On hurle avec les loups pour abattre des dirigeants corrompus mais modernistes, on pleure avec les agneaux quand la liberté se livre à une nouvelle génération d’hommes d’Etats idéologiquement incompatible avec nous. Mais l’est-elle vraiment ?

L’exemple de la Turquiedoit être en l’occurrence retenu. Depuis des années maintenant le seul Etat laïc du monde musulman est dirigé par une majorité « islamiste ». J’utilise ce qualificatif à bon escient, au même titre qu’il y a en Italie, en Allemagne ou en France des partis « chrétien » et démocrate. La Turquie est elle pour autant devenue un Etat « islamiste » au mauvais sens du terme ? Pas de nouvel Iran de ce côté-là du monde, ni même d’Afghanistan, juste un choix politique qui se fonde sur deux idées phares : une politique « sociale » et une action « morale ». En d’autres termes, le Maroc,la Tunisieet l’Egypte ont tous trois fait le choix d’un « conservatisme social » comme nous autres, occidentaux, avons pu le faire à différentes périodes de notre histoire.

Nous pouvons tout à fait, en tant qu’observateurs extérieurs regretter ce choix politique mais ce « regret » doit s’appuyer non pas sur notre vision du monde et de nos intérêts mais sur la réalité sociale et politique du pays concerné.
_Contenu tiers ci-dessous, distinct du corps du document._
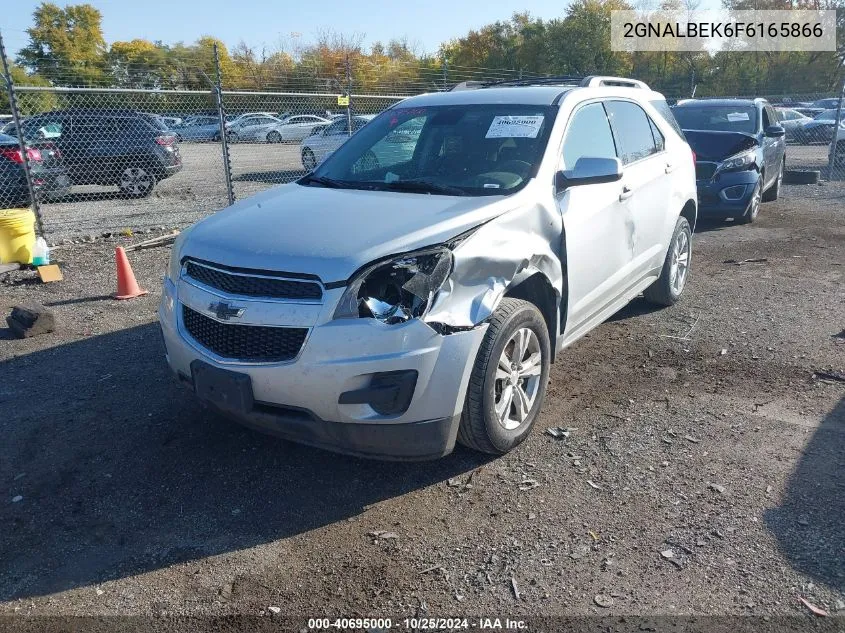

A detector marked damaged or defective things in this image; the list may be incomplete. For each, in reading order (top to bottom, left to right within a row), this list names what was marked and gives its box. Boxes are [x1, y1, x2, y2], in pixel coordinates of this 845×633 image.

crushed front bumper [159, 276, 488, 460]
broken headlight [334, 247, 454, 324]
damaged chevrolet equinox [162, 76, 696, 460]
crumpled fender [428, 201, 560, 330] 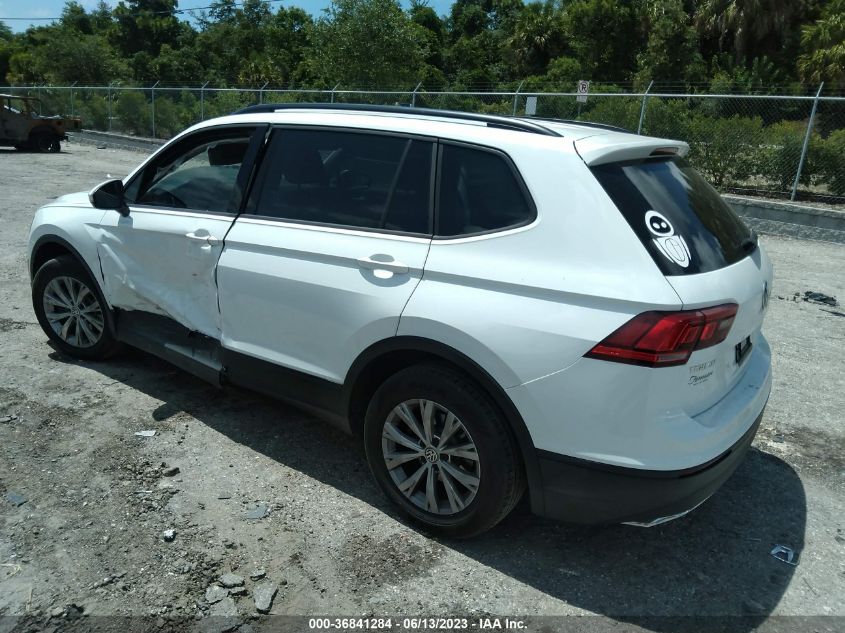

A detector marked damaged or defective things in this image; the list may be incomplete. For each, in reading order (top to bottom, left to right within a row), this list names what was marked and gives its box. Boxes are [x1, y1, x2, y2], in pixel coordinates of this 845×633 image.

front door with dent [95, 125, 264, 338]
damaged white suv [28, 103, 772, 532] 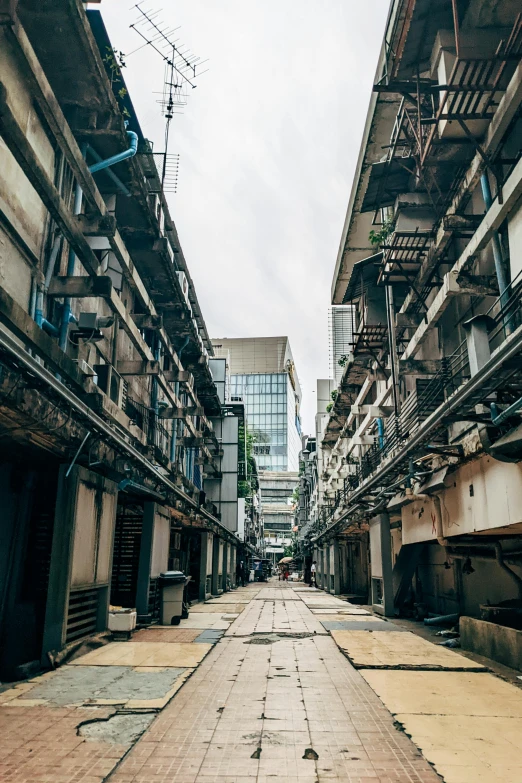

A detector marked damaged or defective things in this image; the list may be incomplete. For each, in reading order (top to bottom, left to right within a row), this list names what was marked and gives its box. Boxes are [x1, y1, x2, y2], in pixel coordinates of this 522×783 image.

cracked concrete pavement [1, 580, 520, 780] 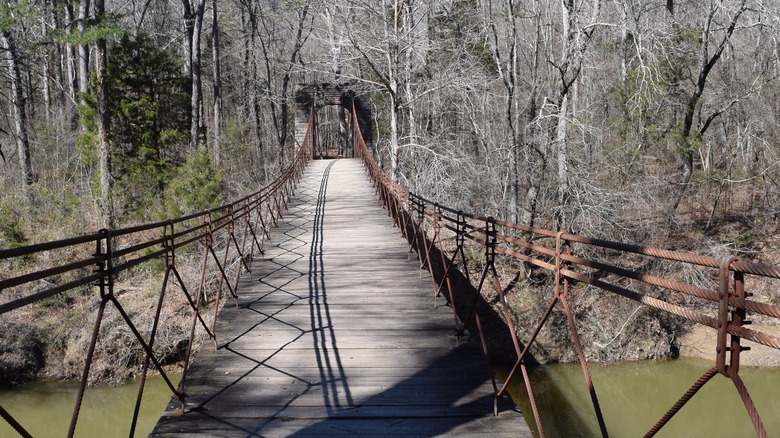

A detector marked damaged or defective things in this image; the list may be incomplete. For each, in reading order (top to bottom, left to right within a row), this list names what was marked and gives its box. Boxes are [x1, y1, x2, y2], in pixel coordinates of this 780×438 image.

rusty metal railing [0, 120, 310, 438]
rusty metal railing [352, 102, 780, 434] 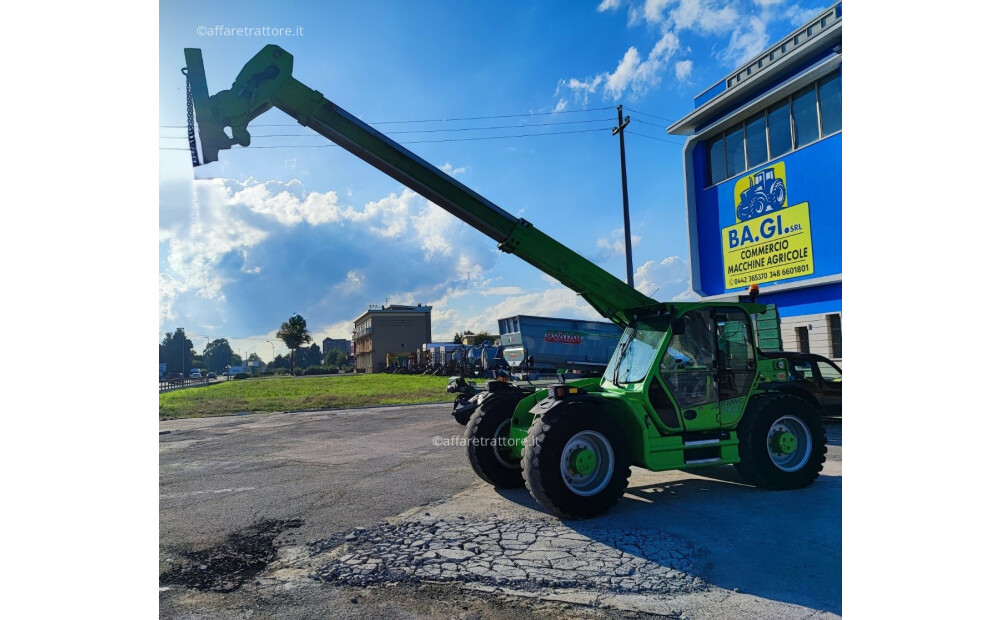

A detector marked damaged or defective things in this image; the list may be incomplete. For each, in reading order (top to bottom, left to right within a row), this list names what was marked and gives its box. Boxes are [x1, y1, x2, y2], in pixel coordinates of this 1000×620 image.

Ainsi la vraie question n’est elle pas de savoir si moi, petit parisien j’aurais voté pour les frères musulmans mais si cela est un bon choix pour un cairote !

A titre personnel je comprends pleinement cette volonté des peuples arabes de mettre en avant l’opposition de toujours aux dictateurs. Je comprends ce choix sur le fond et sur la forme car finalement ils ont voté pour les partis qui depuis des années, en silence, s’occupent vraiment des gens sans se soucier de ce que nous autres nous pouvons penser.

En 2012 il faudra s’habituer à une chose nouvelle : les peuples arabes se sont saisis de leur propre destin.